Keller, 2 F.4th 1278, 1284 (9th Cir. 2021) (per curiam). Before the district court,
Sehorn presented mitigating evidence of a traumatic childhood, his post-sentencing
rehabilitation (including work, volunteer, and educational history), the support of
his family and friends, and the disparity between his sentence and the sentence a
defendant would receive for comparable conduct today. The court was
nevertheless unpersuaded. It explained:
The nature and circumstances of this case were aggravated. Defendant was the leader and organizer of a robbery crew using firearms and violence to commit the offense. Defendant escaped arrest and continued to commit criminal offenses, including breaking and entering in Ohio, and an armed bank robbery in Los Angeles. Defendant’s history and characteristics at the time of sentencing were aggravated. Defendant spent his adult life engaged in criminal activity, including numerous burglary and robbery convictions. After his incarceration in this case, Defendant continued to violate the prison rules, including explicit threats of violence, as recently as three years ago.
The district court’s explicit reference to Sehorn’s violation of prison rules
satisfies us that the court considered Sehorn’s entire post-sentencing record.
Likewise, the court’s discussion elsewhere of relevant changes to sentencing under
18 U.S.C. § 924(c) satisfies us that the court took note of intervening Page 3 of 3
circumstances. See United States v. Lizarraras-Chacon, 14 F.4th 961, 967–68, 968
n.4 (9th Cir. 2021). Our conclusion is further supported by the fact that the district
court was familiar with Sehorn’s case, having ruled on two prior § 3582(c) motions
and one motion for reconsideration. See United States v.
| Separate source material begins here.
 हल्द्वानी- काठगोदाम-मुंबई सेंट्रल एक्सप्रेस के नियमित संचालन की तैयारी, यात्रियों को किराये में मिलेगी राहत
Wilson, 8 F.4th 970, 977
(9th Cir. 2021) (per curiam).
Sehorn argues on appeal that the district court failed to adequately explain
its reasoning and address his mitigation arguments. To be sure, a district court’s
complete failure to address “specific, nonfrivolous argument[s] tethered to”
relevant § 3553(a) factors can be grounds for reversal. United States v. Trujillo,
713 F.3d 1003, 1009–11 (9th Cir. 2013); see also Concepcion v. United States, 142
S. Ct. 2389, 2404 (2022) (noting that a “detailed” explanation is not required). But
a judge “need only set forth enough to satisfy the appellate court that he has
considered the parties’ arguments and has a reasoned basis for exercising his own
legal decisionmaking authority.” Wright, 46 F.4th at 949 (internal quotation marks
omitted). In our view, that standard was met here.
AFFIRMED.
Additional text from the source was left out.